Genny Sedgwick, principal at Milliman, said during a panel at the 2013 PLANSPONSOR National Conference that although her company’s entire book of business already had fee transparency, fee disclosure regulations spurred more education initiatives. In educating plan sponsor committees about fee disclosure, the outcome included investment changes. “There were a lot of changes in the fund menu,” Sedgwick said.
More index funds were also added to plan menus, she added, anticipating that participants would ask for lower-cost investments following fee disclosure.
Overall, Sedgwick said Milliman welcomed fee disclosure because it leveled the playing field by requiring more transparency across the industry.
Steve Benjamin, mayor of Columbia, South Carolina, agreed that transparency is a good thing. “We believe that transparency will certainly lead to lower fees,” he said during the panel.
Benjamin said he and other staff members are facilitating conversations with mayors across the country to help people understand their roles as a fiduciary.
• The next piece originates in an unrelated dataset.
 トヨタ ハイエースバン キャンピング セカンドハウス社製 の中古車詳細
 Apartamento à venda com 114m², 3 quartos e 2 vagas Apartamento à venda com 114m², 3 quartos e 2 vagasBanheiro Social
Benjamin said he wants to make sure that in the public sector, “we’re encouraging our members to ask the tough questions, to ask their providers … what types of disclosure do you do for your private sector clients? We want the same type of service.”
In light of the regulations, clients should ask whether they are getting the outcomes they want in relation to the fees they are paying, concluded Suzanne Herbst, managing director at Wells Fargo Institutional Retirement & Trust. Three keys to successful outcomes in a retirement plan are ensuring employees participate in the plan; that they are saving enough; and that their portfolios are adequately diversified, she said.